Author(s): Busom, Isabel
Corchuelo, Beatriz
Martínez-Ros, Ester [emros]
Publisher: Universidad Carlos III de Madrid. Instituto sobre Desarrollo Empresarial Carmen Vidal Ballester
Issued date: 2011
URI: http://hdl.handle.net/10016/12565
ISSN: 1989-8843
Abstract: The measurement of the effects that public support to private R&D has on R&D investment and output has attracted substantial empirical research in the last decade. The focus of this research has mostly focused on testing for possible crowding out effects. There is virtually no study aiming at understanding how and why these effects may or may not be occurring. In addition, the effects of the two most common tools of public support, direct funding through grants and loans, and tax incentives, have been studied separately. We contribute to existing work by focusing on the determinants of the use by firms of these two mechanisms and their potential link to sources of market failures. We think this is an important step to assess impact estimates. Using firm-level data from the Spanish Community Innovation Survey (CIS), we find that firms that face financial constraints, as well as newly created firms, are less likely to use R&D tax credits and more likely to apply for and obtain direct public funding.
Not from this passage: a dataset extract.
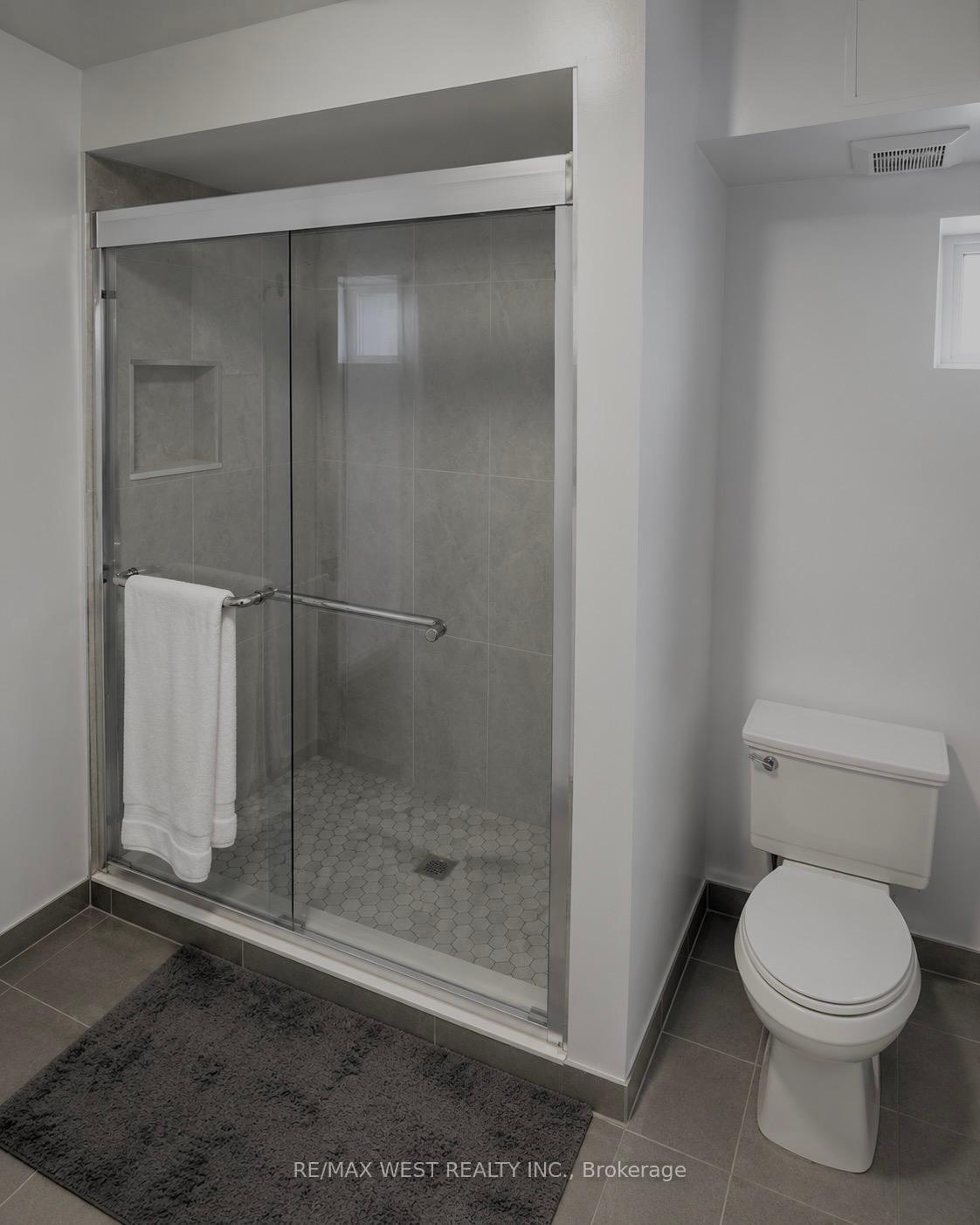 Photo 9 of Unit Lower, 41 Westroyal Road, Etobicoke, Kingsview Village-The Westway — HOMEH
We also find that large firms that care about knowledge protection are more likely to apply for and obtain direct funding, while SMEs are more likely to use tax incentives. Our results show that direct funding and tax credits, as currently designed, are not perfect substitutes because firms are heterogeneous, and suggest that from a social perspective, and provided that crowding out effects can be ruled out for both instruments, some combination of both may be preferable to relying on only one
Sponsor: This work would not have ben possible without the support of several institutions: the Instituto de Estudios Fiscales (Busom and Corchuelo), Ministerio de Ciencia e Innovación (Martínez Ros, project ECO2009-08308 and Busom, project ECO2009-10003) and Junta de Extremadura (Corchuelo, project IB10013)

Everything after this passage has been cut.